1. Generate new protein family clusters as required for the Reference Genome effort. 2. Integrate data from multiple homolog/ortholog detection methods to enable efficient leverage of existing homology resources. 3. Provide the coordination and expert review necessary to enable reliable transfer of GO annotations to newly sequenced genomes.

B. Studies and Results for Princeton supplement

1. Generate new protein family clusters as required for the Reference Genome effort.

In 2008, we generated the initial set of protein family clusters for the Reference Genome project.
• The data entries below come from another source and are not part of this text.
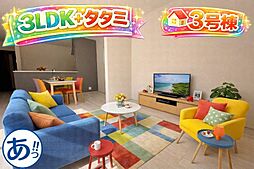 3号棟うるま市前原　全10棟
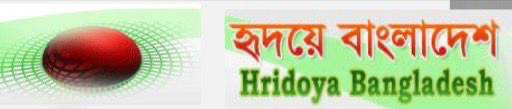 Hridoya Bangladesh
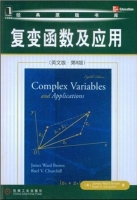 复变函数及应用 英文板 第八版 课后答案 (James Ward Brown/布朗) - 封面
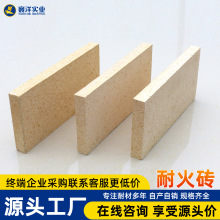 �G�t�ͻ�u�S�����l ����Ƭ �ߜؿ�������X����ƬT3�˴u�F؛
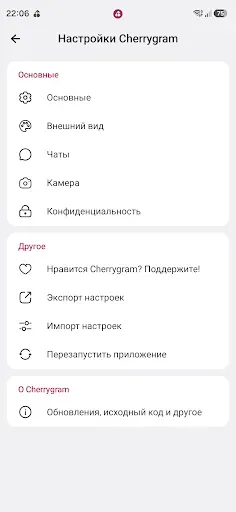 Скриншот 2 — Cherrygram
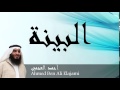 Ahmed Ben Ali Elajami - Surate AL-BAYYINAH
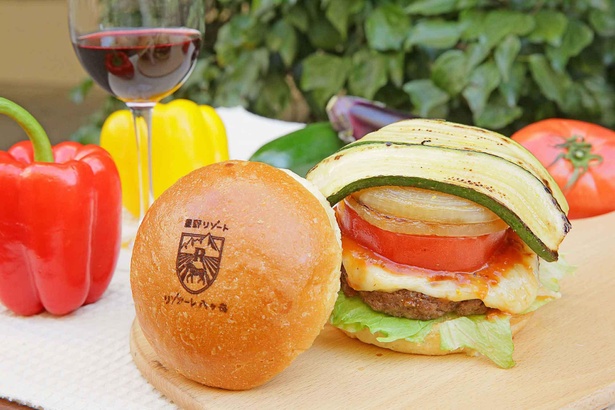 1日10食限定の組み合わせは自由自在のプレミアムバーガーセット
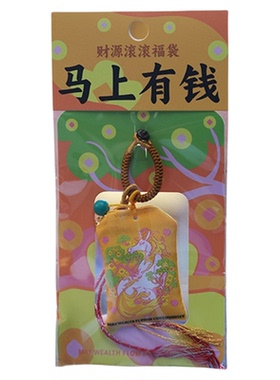 灵隐·马年系列御守财运包挂件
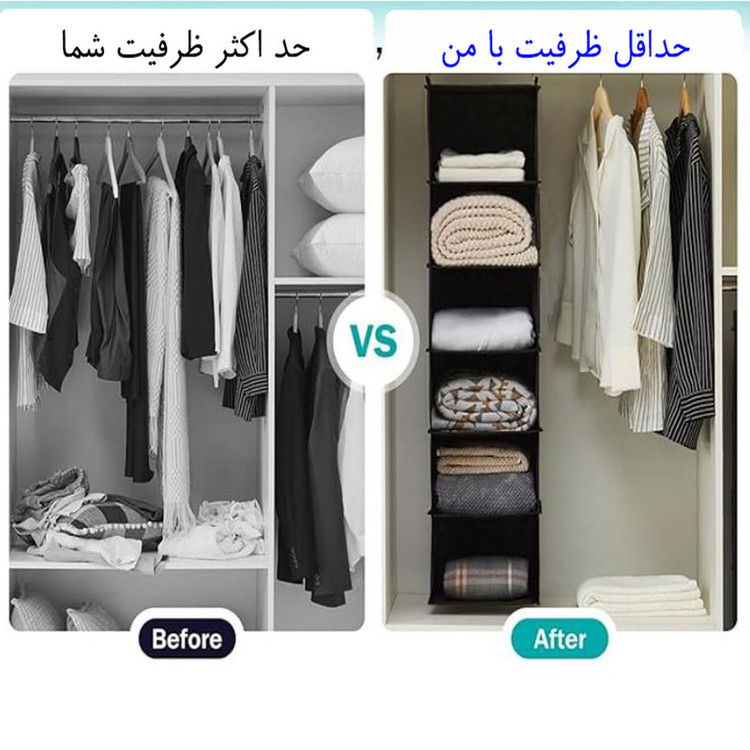 آویز نظم دهنده چینش مدل DL5NEW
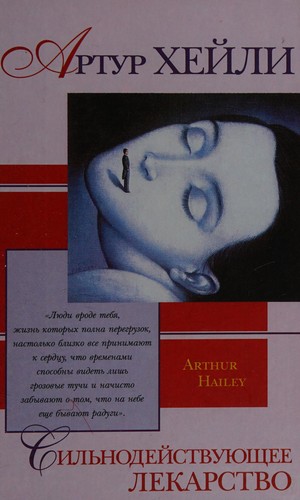 Arthur Hailey: Silʹnodeĭstvui͡ushchee lekarstvo (Russian language, 2000, AST Izd-vo)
We continue to provide these families and update them when new protein sets are released. Our latest release was December, 2009.

2. Integrate data from multiple homolog/ortholog detection methods to enable efficient leverage of existing homology resources.

In 2009, we added to P-POD clusters of orthologous groups of proteins from the 12 Reference Genomes based on the InParanoid ortholog prediction algorithm. We have also implemented an algorithm to generate consensus clusters based on combining results from OrthoMCL and InParanoid and plan to release these results after additional testing in 2010.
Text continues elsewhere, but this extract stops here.